"I have painted thought." --Nicolas Poussin
"The magnificent light in Courbet's paintings is for me the same as that of the Place Vendôme, at the time the Column fell." --André Breton, Nadja
It's just occurred to me that I have less than a month to see shows at the Met by two of my favorite painters. For someone who runs a blog carrying a name that means "picture gallery," I've gotten very much out of the habit of visiting museums and galleries. And yet they were crucial to me once. If I had a single Damascus-road experience in my life, it was seeing Géricault’s "Raft of the Medusa" and Delacroix's "Massacre at Chios" at the Louvre when I was not quite nine years old. I went to high school a few blocks from the Met, when it was still free, and used to wander through at random, haunting it as if I were its ghost. When I was 20 and very earnest it seemed to me the whole point of traveling, to go see pictures in remote churches and unlikely state-run cultural complexes out in the middle of fuck-all.

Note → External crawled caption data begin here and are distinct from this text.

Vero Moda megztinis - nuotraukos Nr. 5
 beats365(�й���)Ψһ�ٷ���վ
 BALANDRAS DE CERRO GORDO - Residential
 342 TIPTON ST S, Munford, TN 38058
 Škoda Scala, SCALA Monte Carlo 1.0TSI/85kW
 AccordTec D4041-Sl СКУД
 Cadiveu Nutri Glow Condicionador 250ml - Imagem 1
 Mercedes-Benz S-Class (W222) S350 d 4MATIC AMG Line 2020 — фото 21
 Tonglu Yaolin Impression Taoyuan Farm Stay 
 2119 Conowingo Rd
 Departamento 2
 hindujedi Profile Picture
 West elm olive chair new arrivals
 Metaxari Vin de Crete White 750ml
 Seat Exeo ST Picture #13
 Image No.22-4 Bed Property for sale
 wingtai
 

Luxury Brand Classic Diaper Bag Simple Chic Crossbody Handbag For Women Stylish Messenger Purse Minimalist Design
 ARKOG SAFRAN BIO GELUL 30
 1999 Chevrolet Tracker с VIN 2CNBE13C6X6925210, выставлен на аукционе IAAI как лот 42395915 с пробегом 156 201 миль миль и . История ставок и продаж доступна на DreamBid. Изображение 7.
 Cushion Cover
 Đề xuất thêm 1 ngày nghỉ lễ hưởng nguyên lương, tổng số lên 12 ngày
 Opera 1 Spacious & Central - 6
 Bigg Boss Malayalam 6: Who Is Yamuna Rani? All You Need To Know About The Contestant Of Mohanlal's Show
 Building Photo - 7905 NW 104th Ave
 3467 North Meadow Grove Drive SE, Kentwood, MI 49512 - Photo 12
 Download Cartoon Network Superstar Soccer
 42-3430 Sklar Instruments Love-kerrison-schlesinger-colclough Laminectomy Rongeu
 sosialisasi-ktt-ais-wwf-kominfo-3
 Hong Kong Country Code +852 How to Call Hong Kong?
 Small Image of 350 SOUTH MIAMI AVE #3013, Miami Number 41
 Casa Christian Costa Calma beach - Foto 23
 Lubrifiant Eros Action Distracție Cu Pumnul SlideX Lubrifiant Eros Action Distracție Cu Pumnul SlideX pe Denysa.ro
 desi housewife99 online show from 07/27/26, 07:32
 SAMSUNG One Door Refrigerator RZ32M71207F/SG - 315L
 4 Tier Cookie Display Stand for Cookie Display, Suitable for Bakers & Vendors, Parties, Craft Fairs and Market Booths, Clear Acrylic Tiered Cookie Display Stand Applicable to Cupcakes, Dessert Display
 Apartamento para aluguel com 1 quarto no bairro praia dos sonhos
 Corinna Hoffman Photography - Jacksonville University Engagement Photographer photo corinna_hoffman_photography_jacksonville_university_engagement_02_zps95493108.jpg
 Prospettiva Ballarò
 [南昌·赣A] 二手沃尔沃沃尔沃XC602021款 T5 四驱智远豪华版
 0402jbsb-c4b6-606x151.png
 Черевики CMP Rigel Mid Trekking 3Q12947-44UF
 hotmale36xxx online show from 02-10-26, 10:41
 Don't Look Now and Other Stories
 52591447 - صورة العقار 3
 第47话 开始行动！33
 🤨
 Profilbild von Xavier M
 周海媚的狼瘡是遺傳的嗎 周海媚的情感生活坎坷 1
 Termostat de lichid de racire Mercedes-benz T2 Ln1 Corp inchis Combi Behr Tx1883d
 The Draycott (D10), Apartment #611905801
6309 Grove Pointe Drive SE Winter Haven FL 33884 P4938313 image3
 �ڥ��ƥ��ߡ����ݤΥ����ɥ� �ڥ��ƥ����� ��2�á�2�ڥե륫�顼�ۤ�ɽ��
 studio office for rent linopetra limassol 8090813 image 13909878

Then, a few years later, I stopped. Why? Maybe it was the Met's Book of Kells show circa 1976, which as far as I'm aware began the era of massively hyped traveling exhibits with their advance ticketing and crowd control. Maybe it was the awkwardness of accompanying nice young ladies to museums on Sundays and shifting my weight from one foot to the other as they drank in the Monets. Maybe it was the increasing authority of the must-see dictates issued by the cultural commissars of the media in New York City. Maybe it was the time ten years ago when I visited the museum of fine arts in Lille, France, a vast train station of a museum laid out in an ellipse and stuffed with mediocrities, and I realized the best way to take in its holdings would be by bicycle or possibly roller skates. Maybe it was when I discovered that I derived more enjoyment and illumination from sifting through big piles of trash. But I figure I owe some discomfiture, at least, to Poussin and Courbet.